▸ Your task
Repeat the data as given. Images do not go in the copy.
(Data section)
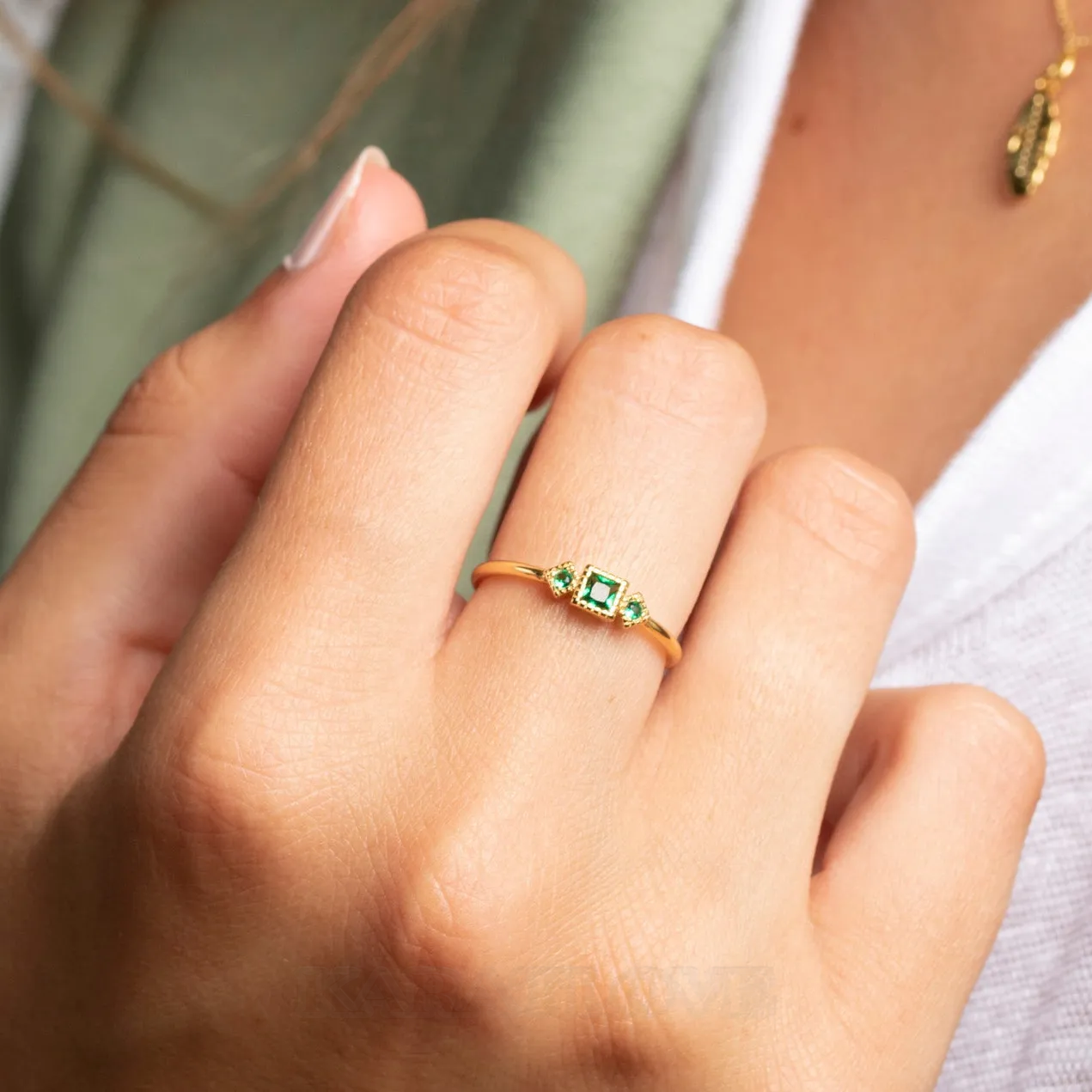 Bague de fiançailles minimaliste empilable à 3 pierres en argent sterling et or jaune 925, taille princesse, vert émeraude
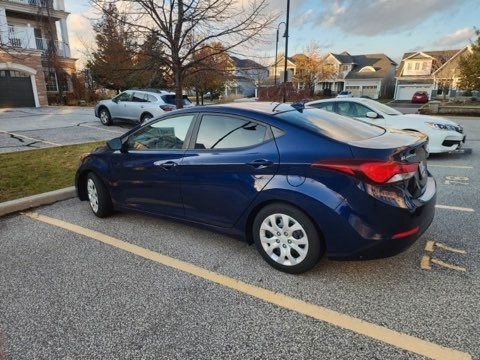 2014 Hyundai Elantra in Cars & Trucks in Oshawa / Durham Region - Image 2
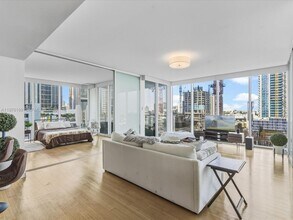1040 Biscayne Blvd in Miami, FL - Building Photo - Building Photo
(End Data section)
▸ Exercise solution
 Bague de fiançailles minimaliste empilable à 3 pierres en argent sterling et or jaune 925, taille princesse, vert émeraude
 2014 Hyundai Elantra in Cars & Trucks in Oshawa / Durham Region - Image 2
1040 Biscayne Blvd in Miami, FL - Building Photo - Building Photo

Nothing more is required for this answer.